Provided information —
★ ★ ★

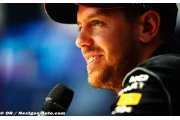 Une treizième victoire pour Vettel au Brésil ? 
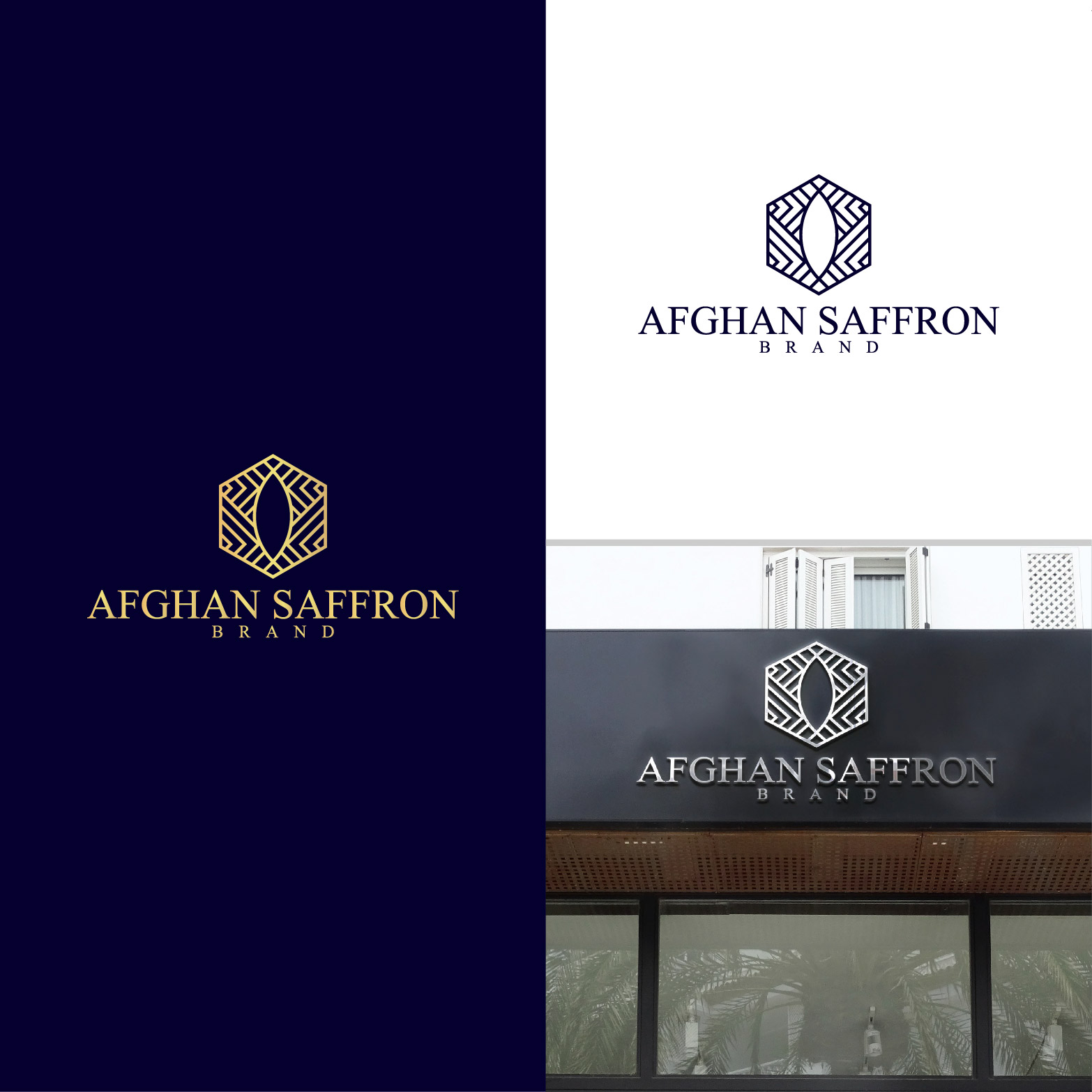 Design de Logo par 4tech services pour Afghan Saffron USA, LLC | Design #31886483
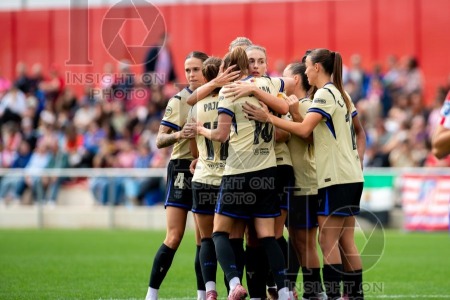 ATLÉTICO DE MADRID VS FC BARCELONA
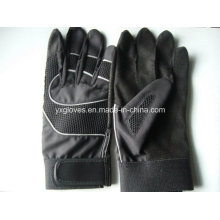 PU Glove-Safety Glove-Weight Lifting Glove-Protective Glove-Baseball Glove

★ ★ ★

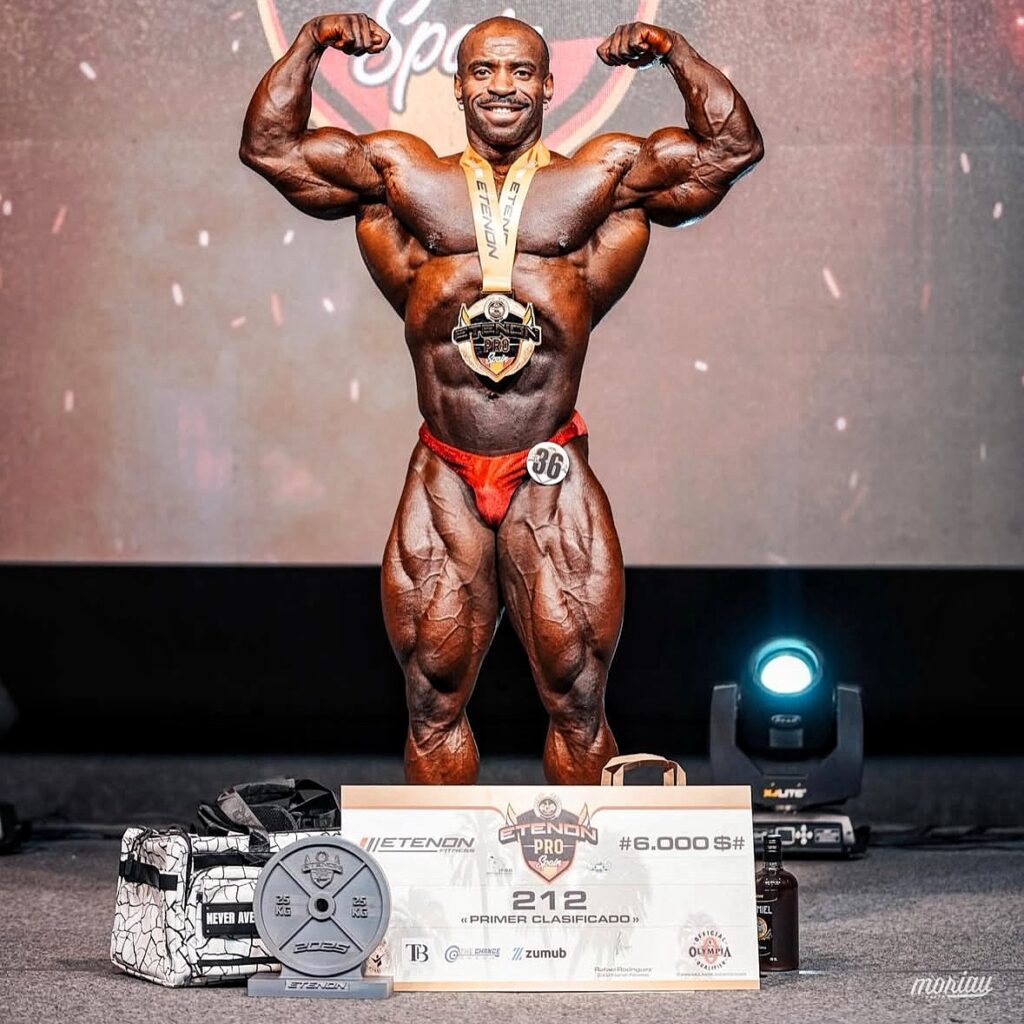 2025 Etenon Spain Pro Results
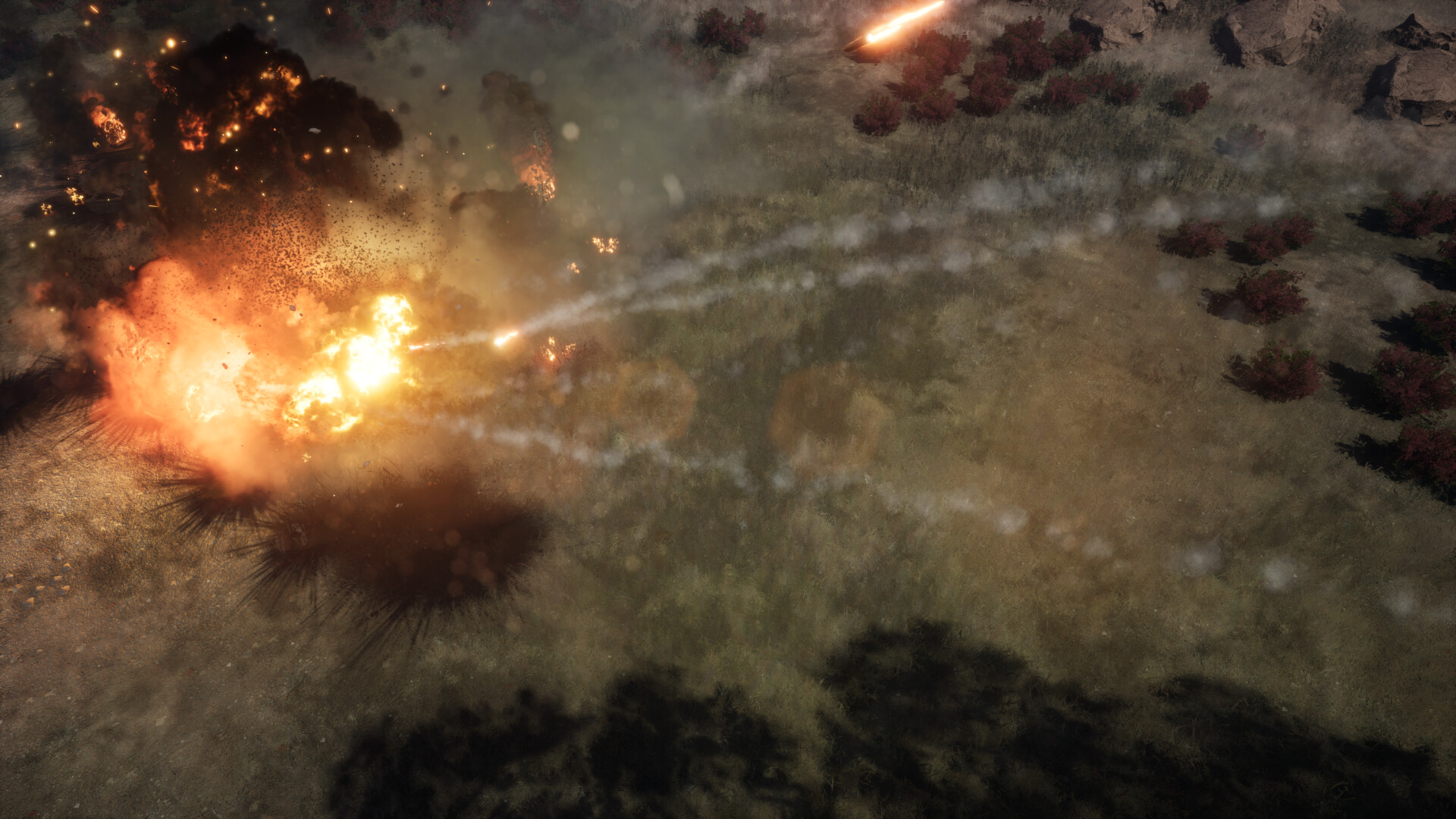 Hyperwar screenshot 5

★ ★ ★

Assignment —
All lines above starting at the one with "Design de Logo" and ending at the one with "PU Glove-Safety Glove-Weight", inclusive, are to be printed again exactly, with the pictures left out.

Written solution —
 Design de Logo par 4tech services pour Afghan Saffron USA, LLC | Design #31886483
 ATLÉTICO DE MADRID VS FC BARCELONA
 PU Glove-Safety Glove-Weight Lifting Glove-Protective Glove-Baseball Glove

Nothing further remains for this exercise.